En cette question, comme en beaucoup d’autres, l’idée orientale prenait en lui vivement et despotiquement le dessus. Il considérait la femme comme un objet d’art, délicieux et propre à exciter l’esprit, mais un objet d’art désobéissant et troublant, si on lui livre le seuil du cœur, et dévorant gloutonnement le temps et les forces.

Je me souviens qu’une fois, dans un lieu public, comme je lui montrais le visage d’une femme d’une originale beauté et d’un caractère mélancolique, il voulut bien en goûter la beauté, mais me dit, avec son petit rire, pour répondre au reste : « Comment voulez-vous qu’une femme puisse être mélancolique ? » insinuant sans doute par là que, pour connaître le sentiment de la mélancolie, il manque à la femme certaine chose essentielle.

C’est là, malheureusement, une théorie bien injurieuse, et je ne voudrais pas préconiser des opinions diffamatoires sur un sexe qui a si souvent montré d’ardentes vertus. Mais on m’accordera bien que c’est une théorie de prudence ; que le talent ne saurait trop s’armer de prudence dans un monde plein d’embûches, et que l’homme de génie possède le privilège de certaines doctrines (pourvu qu’elles ne troublent pas l’ordre) qui nous scandaliseraient justement chez le pur citoyen ou le simple père de famille.

Je dois ajouter, au risque de jeter une ombre sur sa mémoire, au jugement des âmes élégiaques, qu’il ne montrait pas non plus de tendres faiblesses pour l’enfance. L’enfance n’apparaissait à son esprit que les mains barbouillées de confitures (ce qui salit la toile et le papier), ou battant le tambour (ce qui trouble la méditation), ou incendiaire et animalement dangereuse comme le singe.

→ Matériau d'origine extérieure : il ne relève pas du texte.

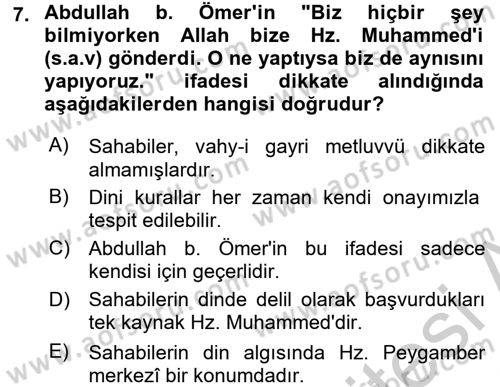 Hadis Dersi 2016 - 2017 Yılı (Vize) Ara Sınav Soruları 7. Soru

« Je me souviens fort bien, — disait-il parfois, — que quand j’étais enfant, j’étais un monstre. La connaissance du devoir ne s’acquiert que très-lentement, et ce n’est que par la douleur, le châtiment et par l’exercice progressif de la raison, que l’homme diminue peu à peu sa méchanceté naturelle. »

Ainsi, par le simple bon sens, il faisait un retour vers l’idée catholique. Car on peut dire que l’enfant, en général, est, relativement à l’homme, en général, beaucoup plus rapproché du péché originel.